Il popolo groenlandese respinge con chiarezza le mire statunitensi. Sondaggi mostrano che l’85% si oppone all’annessione, mentre leader locali come Jens-Frederik Nielsen e Pele Broberg chiedono autodeterminazione, senza legarsi né agli USA né alla Danimarca. Nonostante ciò, Trump insiste, dimostrando che la politica americana oggi può ignorare la volontà dei popoli quando confligge con gli interessi strategici.
La Groenlandia non è solo minerali e risorse: la sua posizione domina il cosiddetto GIUK gap, essenziale per il controllo dell’Atlantico settentrionale. L’installazione di sistemi difensivi come il progetto “Golden Dome” evidenzia il calcolo militare dietro la retorica della sicurezza nazionale. Possedere l’isola significa influire sulle rotte commerciali tra Asia ed Europa e ottenere un vantaggio strategico rispetto a Russia e Cina.
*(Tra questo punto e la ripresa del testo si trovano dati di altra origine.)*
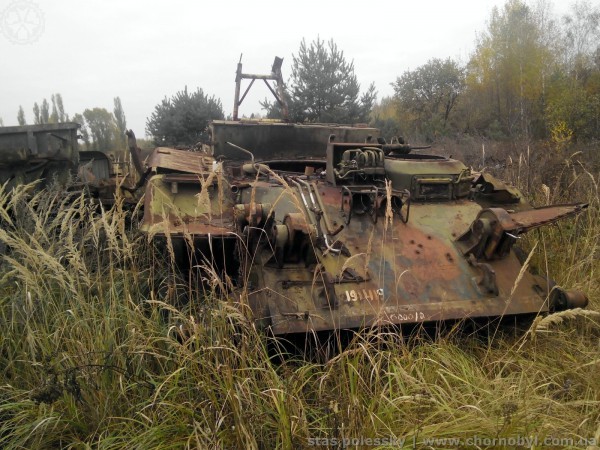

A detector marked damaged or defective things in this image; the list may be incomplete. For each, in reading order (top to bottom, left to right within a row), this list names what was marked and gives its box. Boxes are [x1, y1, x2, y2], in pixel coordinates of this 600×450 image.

Gli Stati Uniti accusano la Russia di violare la sovranità ucraina, sostenendo la legalità internazionale. Tuttavia, la stessa logica viene negata in Groenlandia: il principio della sovranità è selettivo, applicato solo quando conviene. Questo doppio standard erode le fondamenta del diritto internazionale, mostrando che ciò che viene proclamato per difendere l’ordine globale può trasformarsi in strumento di coercizione.
La pressione sulla Groenlandia, e persino sul Canada, riflette una nuova Dottrina Monroe: estendere il controllo statunitense oltre l’America, fino all’Atlantico settentrionale e ai Paesi nordici. Questo modello apre la porta a un effetto domino: se la superpotenza globale ignora i principi internazionali, altre potenze faranno lo stesso. La logica della forza diventa norma, destabilizzando l’intero sistema.
La risposta europea resta tiepida, incapace di agire militarmente o diplomaticamente. La dipendenza da Washington, unita a tensioni interne, limita l’autonomia strategica. La Danimarca si trova intrappolata tra alleanza e sovranità. L’unica speranza per Groenlandia e Nord Europa è una posizione europea più coerente, capace di coniugare autodeterminazione e sicurezza collettiva.
Il Grande Nord non è più periferia: è nodo strategico tra risorse, rotte marittime e proiezione militare. La Russia considera l’Artico spazio vitale, energia e deterrenza nucleare, mentre Pechino sfrutta la Polar Silk Road. Gli Stati Uniti puntano a controllare basi, radar e infrastrutture. L’Europa rischia di essere esclusa dai corridoi commerciali e dalla definizione delle regole internazionali, pur possedendo interessi diretti in sicurezza, energia e ricerca.
La Groenlandia è il simbolo di un mondo dove il principio del più forte sta sostituendo i principi di sovranità e cooperazione. Gli Stati Uniti mostrano la capacità di influenzare territori senza ricorrere ai carri armati, con coercizione economica e cattura delle élite locali. La sfida per Europa e NATO è enorme: difendere un Artico aperto e cooperativo significa riconoscere il cambiamento della geopolitica globale e reagire con strumenti concreti, prima che la logica della forza diventi la norma internazionale.